THE TASK: Line by line, reproduce exactly the beginning of the listing below, ending with the line that contains "Room 19 of 38" and adding nothing.

-------

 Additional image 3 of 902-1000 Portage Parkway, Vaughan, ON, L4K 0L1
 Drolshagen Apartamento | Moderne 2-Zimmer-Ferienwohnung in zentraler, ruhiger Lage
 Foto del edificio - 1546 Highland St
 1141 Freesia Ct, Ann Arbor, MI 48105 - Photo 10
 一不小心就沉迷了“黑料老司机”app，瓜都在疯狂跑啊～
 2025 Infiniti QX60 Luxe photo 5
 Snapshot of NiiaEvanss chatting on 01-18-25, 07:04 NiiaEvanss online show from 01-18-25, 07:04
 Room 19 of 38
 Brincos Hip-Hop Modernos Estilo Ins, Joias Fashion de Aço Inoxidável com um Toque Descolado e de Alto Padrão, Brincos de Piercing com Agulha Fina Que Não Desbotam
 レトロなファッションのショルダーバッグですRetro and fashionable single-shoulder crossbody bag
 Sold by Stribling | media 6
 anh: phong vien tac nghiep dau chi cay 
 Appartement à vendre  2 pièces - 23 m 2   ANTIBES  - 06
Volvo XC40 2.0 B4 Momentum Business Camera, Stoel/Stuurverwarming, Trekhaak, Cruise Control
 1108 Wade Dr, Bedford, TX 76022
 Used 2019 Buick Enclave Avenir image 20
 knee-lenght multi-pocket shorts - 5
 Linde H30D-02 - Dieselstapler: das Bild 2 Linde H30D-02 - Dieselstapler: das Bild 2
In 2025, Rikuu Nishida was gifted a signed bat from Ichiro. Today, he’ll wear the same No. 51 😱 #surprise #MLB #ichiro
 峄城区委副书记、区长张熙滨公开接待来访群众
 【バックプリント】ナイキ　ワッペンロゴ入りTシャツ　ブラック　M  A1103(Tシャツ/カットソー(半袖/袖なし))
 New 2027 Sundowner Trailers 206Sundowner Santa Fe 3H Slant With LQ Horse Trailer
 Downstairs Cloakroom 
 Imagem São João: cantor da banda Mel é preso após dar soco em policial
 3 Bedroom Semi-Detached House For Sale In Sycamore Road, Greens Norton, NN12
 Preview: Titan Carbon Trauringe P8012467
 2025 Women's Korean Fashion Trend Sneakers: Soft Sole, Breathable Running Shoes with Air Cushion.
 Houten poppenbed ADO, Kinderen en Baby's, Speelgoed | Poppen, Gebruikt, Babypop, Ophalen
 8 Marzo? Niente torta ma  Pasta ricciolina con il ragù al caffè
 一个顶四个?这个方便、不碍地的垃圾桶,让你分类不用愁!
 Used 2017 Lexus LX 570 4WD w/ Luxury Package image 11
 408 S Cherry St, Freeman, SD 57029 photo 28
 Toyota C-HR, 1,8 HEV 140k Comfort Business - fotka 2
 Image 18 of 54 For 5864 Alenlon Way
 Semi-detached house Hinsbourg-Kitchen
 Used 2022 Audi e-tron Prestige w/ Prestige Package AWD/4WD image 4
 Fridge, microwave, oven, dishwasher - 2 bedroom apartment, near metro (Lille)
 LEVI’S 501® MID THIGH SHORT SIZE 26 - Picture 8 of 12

-------

YOUR SOLUTION:
 Additional image 3 of 902-1000 Portage Parkway, Vaughan, ON, L4K 0L1
 Drolshagen Apartamento | Moderne 2-Zimmer-Ferienwohnung in zentraler, ruhiger Lage
 Foto del edificio - 1546 Highland St
 1141 Freesia Ct, Ann Arbor, MI 48105 - Photo 10
 一不小心就沉迷了“黑料老司机”app，瓜都在疯狂跑啊～
 2025 Infiniti QX60 Luxe photo 5
 Snapshot of NiiaEvanss chatting on 01-18-25, 07:04 NiiaEvanss online show from 01-18-25, 07:04
 Room 19 of 38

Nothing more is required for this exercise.